SHERIDAN — Members of Sheridan City Council voted to approve a rezone on Val Vista Street, to reject all bids on the Northwest Water Loop Grading Project and to approve a revision to the city’s flood plain regulations in order to maintain eligibility in the National Flood Insurance program at their meeting Monday.
The rezone would consist of nearly 17,000 square feet of property west and south of Zowada Plumbing, located at 724 Val Vista St. between West Third and West Fourth streets. The zoning would change from R-3 residential to B-1 business.
The primary reason for the rezone request was to bring zoning consistency to the block, Planning and Development Director Robert Briggs said.
The council must pass two more readings of the rezoning ordinance.
Councilors voted to reject all bids received for a grading (dirt work) project on the Northwest Water Transmission Main project along Yellowtail Drive.
Project Manager Joe Schoen said the original project was going to have to be completed by April 2014 to comply with the scheduled deadlines for Sheridan College’s Large Animal Science Facility that will be built on the site.
The tight deadline lead to only two companies bidding for the project and both bids coming in approximately $200,000 over the engineer’s estimate of nearly $850,000.
While city staff reviewed the project and bids, Sheridan College alerted them to a change in project scheduling that lengthened the deadline.
With more time to complete the project, city staff recommended re-bidding the project to see if more companies would bid within the engineer’s estimate.

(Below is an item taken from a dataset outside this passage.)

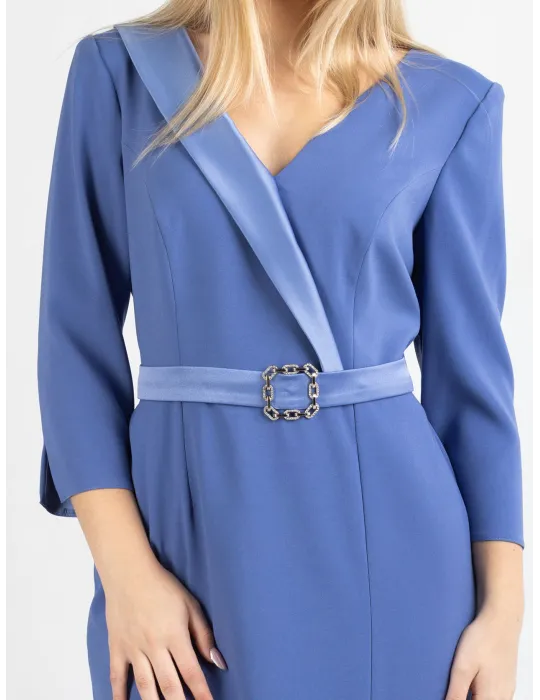 Sonia Pena light blue silk sheath formal dress with side split
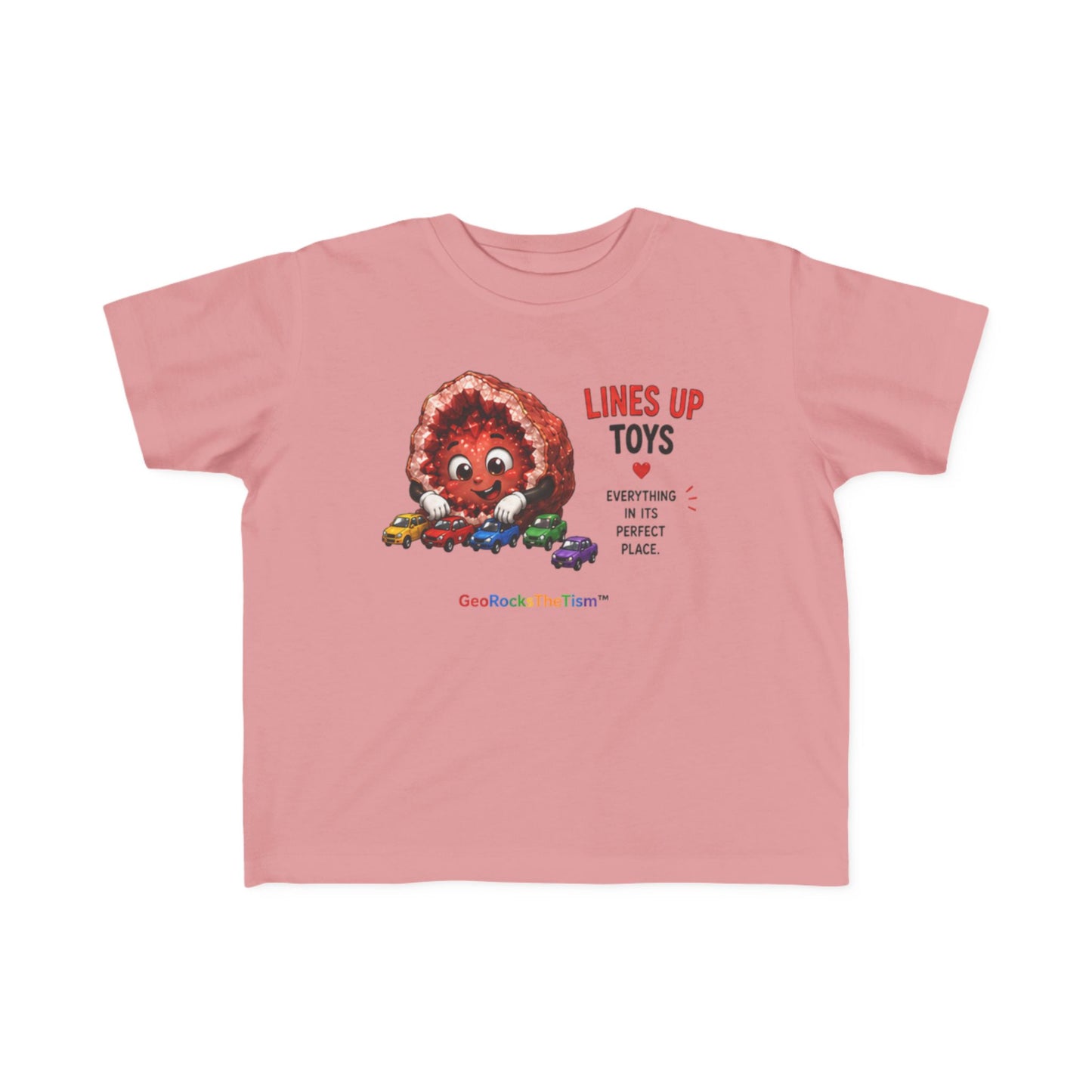 "Lines Up Toys" Stimming Geode Autism Self Sensory Regulation Toddler Tee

At this time, the Large Animal Science Facility is slated for design and construction in mid-summer 2014.
City councilors voted to approve Ordinance 2140, regarding revisions to flood plain management regulations, on first reading.

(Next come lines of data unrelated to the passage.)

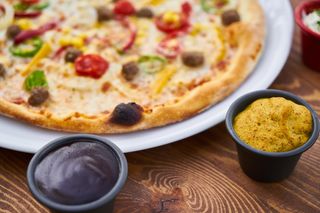 披萨，食物，肉，培根，食物照片，面团，番茄，宏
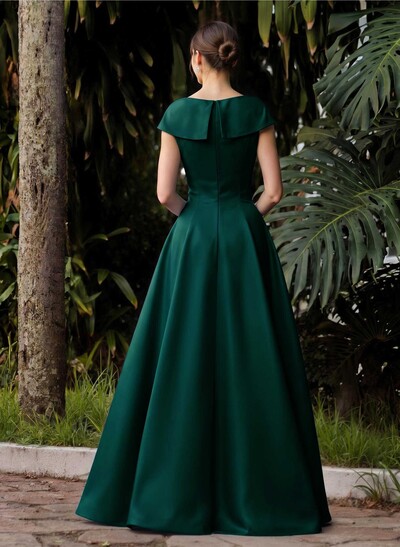 Modest A-Line V-Neck Cap Straps Satin Mother Of The Bride Dresses With Pockets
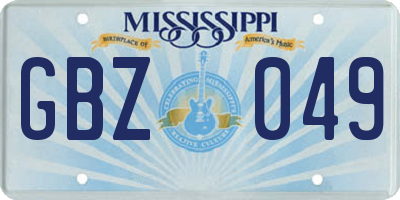 MS license plate GBZ049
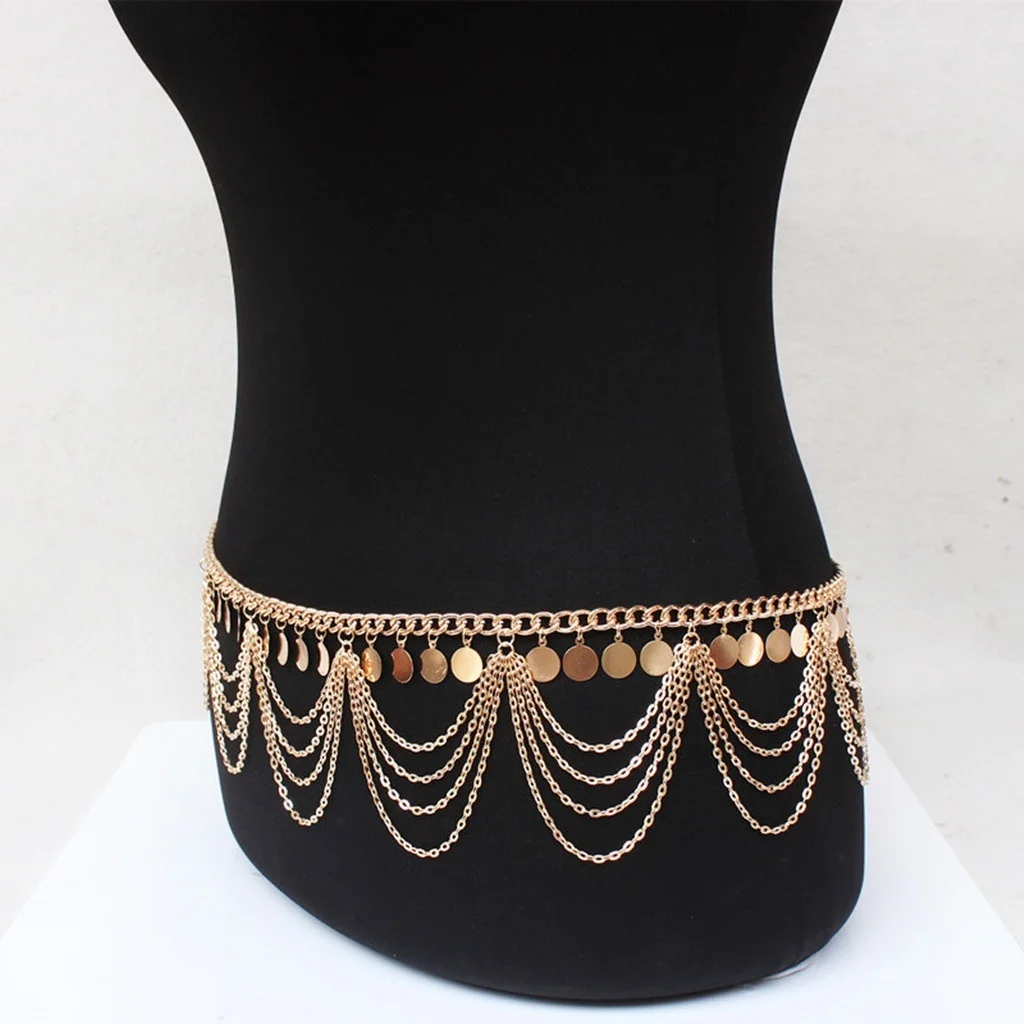 

FEECOLOR Ethnic Style Jewelry Retro Gold Punk Belly Dance Body Necklace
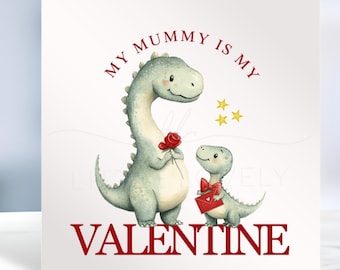 Cartão personalizado para o Dia dos Namorados, Mamãe é minha namorada, Mamãe, Primeiro Dia dos Namorados do bebê, Dinossauro, Irlanda, Irlandês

Accepting the revised ordinance and new Flood Insurance Rate Maps is required in order for the city to maintain eligibility in the National Flood Insurance program, which is a federal program that allows all residents in Sheridan County to receive a 10 percent discount on flood insurance, City Engineer Lane Thompson said.
“The meat and potatoes of the new code is the same, but a lot of the ‘legalese’ is taken out,” Thompson said.
The biggest change to the code is a requirement that all development is required to be one foot above base flood elevation, Thompson said.
Mayor Dave Kinskey asked Thompson to circulate the revised flood plain code to Big Horn Homebuilders, contractors and RV Parks in town to allow those who will be most effected to have input.
Thompson noted that the revised code consists of only the minimum federal requirements and must be passed but that he would seek input from contractors as requested.
At the end of the meeting, city councilors approved going into executive session to discuss employment negotiations. No action was taken following the executive session.